> [Activity]:
Shown below are entries with pictures; the line with "a bed room with" through the line with "Raspberries on a" is the span to retype exactly, and the pictures stay out.

> [Data excerpts]:
[Start of section]
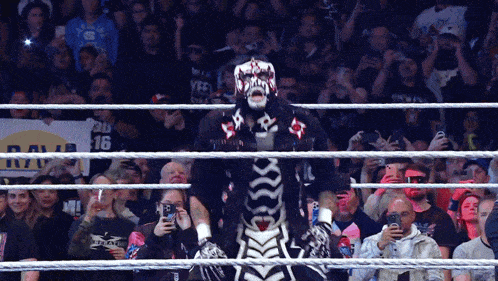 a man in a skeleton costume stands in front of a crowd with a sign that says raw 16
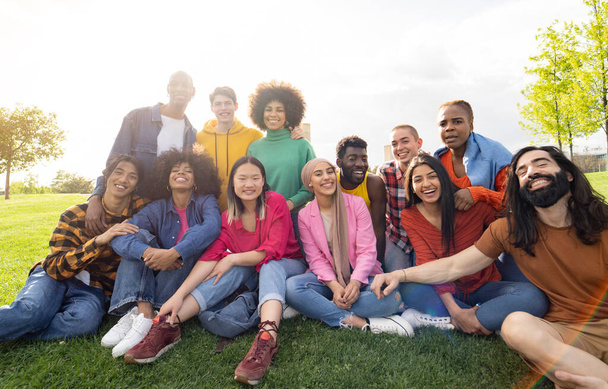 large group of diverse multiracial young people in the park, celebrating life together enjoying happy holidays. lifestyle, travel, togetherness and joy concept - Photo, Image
[End of section]
[Start of section]
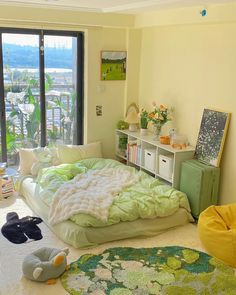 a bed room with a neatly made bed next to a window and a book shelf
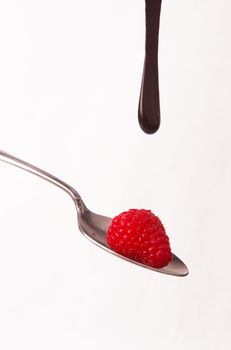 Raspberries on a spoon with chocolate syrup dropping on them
[End of section]
[Start of section]
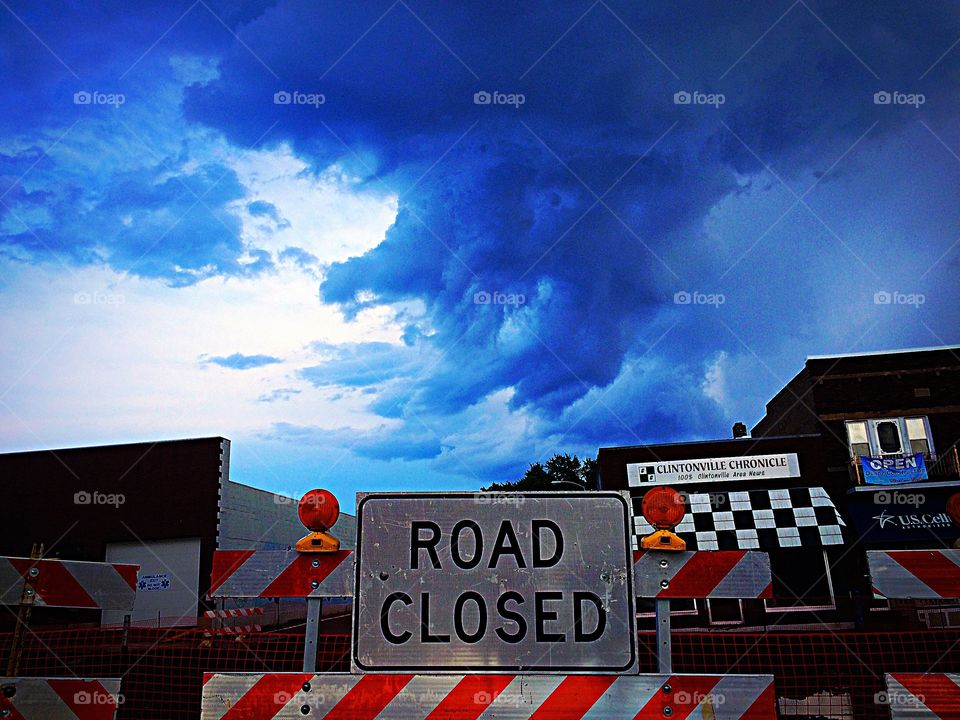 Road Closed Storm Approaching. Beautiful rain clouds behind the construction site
[End of section]
> [Reply to the exercise]:
 a bed room with a neatly made bed next to a window and a book shelf
 Raspberries on a spoon with chocolate syrup dropping on them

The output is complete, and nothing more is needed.